Structural and qualitative properties of a geometrically integrable equation

TL;DR

This paper investigates the symmetries, conservation laws, and geometric properties of a specific Novikov integrable equation, providing insights into solution behaviors and associated pseudo-spherical surfaces.

Contribution

It identifies Lie symmetries, conservation laws, and conditions for solution invariance and positivity, and classifies solutions related to pseudo-spherical surfaces, advancing understanding of this integrable equation.

Findings

Lie symmetries of the equation are characterized.

Local conservation laws up to second order are established.

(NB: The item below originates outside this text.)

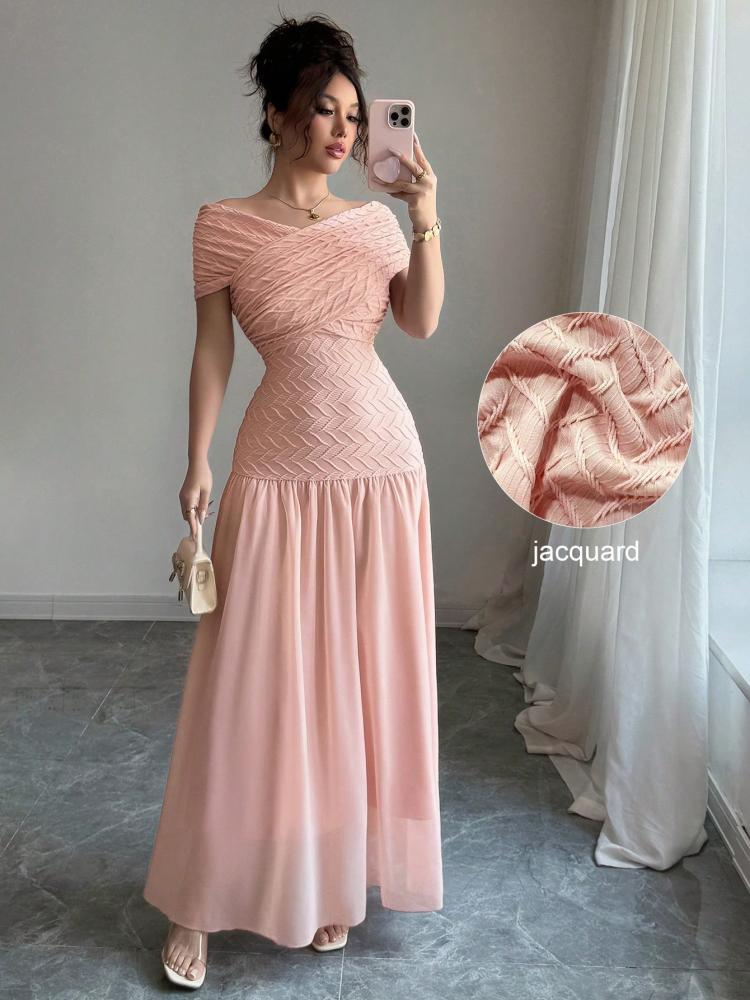 فستان وردي فاتح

Conditions for $L^1$ norm invariance and positive solutions are provided.

Abstract

Lie symmetries of a Novikov geometrically integrable equation are found and group-invariant solutions are obtained. Local conservation laws up to second order are established as well as their corresponding conserved quantities. Sufficient conditions for the $L^1$ norm of the solutions to be invariant are presented, as well as conditions for the existence of positive solutions. Two demonstrations for unique continuation of solutions are given: one of them is just based on the invariance of the $L^1$ norm of the solutions, whereas the other is based on well-posedness of Cauchy problems. Finally, pseudo-spherical surfaces determined by the solutions of the equation are studied: all invariant solutions that do not lead to pseudo-spherical surfaces are classified and the existence of an analytic metric for a pseudo-spherical surface is proved using conservation of solutions and well-posedness results.